Sec. 4. RCW 18.120.040 and 1989 1st ex.s. c 9 s 305 are each amended to read as follows:
Applicant
groups shall submit a written report explaining the factors enumerated in RCW
18.120.030 to the ((legislative committees of reference, copies of which
shall be sent to the state board of health and the)) department ((of
health for review and comment)). The department may request from the
applicant group additional information the department determines is needed to
make its recommendations. The ((state board of health and the))
department ((of health)) shall review and make recommendations ((based))

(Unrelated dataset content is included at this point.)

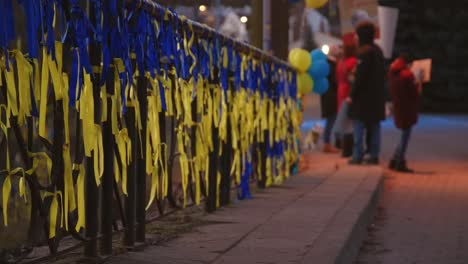Farbbänder-Der-Ukrainischen-Flagge-Auf-Einer-Brücke-Mit-Menschen,-Die-Gegen-Gewalt-In-Der-Ukraine-Protestieren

on the report submitted by applicant groups ((to the extent requested by the
legislative committees)) and comments solicited from the state board of
health and others.
Sec. 5. RCW 18.120.050 and 1984 c 279 s 58 are each amended to read as follows:
((Requirements
for licensees to engage in continuing education as a condition of continued
licensure has not been proven to be an effective method of guaranteeing or
improving the competence of licensees or the quality of care received by the
consumer. The legislature has serious reservations concerning the
appropriateness of mandated continuing education.)) Any legislative
proposal which contains a continuing education requirement should be
accompanied by evidence that such a requirement has been proven effective for
the profession addressed in the legislation.
NEW SECTION. Sec. 6. A new section is added to chapter 18.120 RCW to read as follows:
The department shall develop and promulgate a manual describing the criteria to be met and the process of review for applicant groups. The department shall consult with representatives of health professions in the development and any subsequent amendment of the manual.
NEW SECTION. Sec. 7. This act is necessary for the immediate preservation of the public peace, health, or safety, or support of the state government and its existing public institutions, and takes effect July 1, 1997.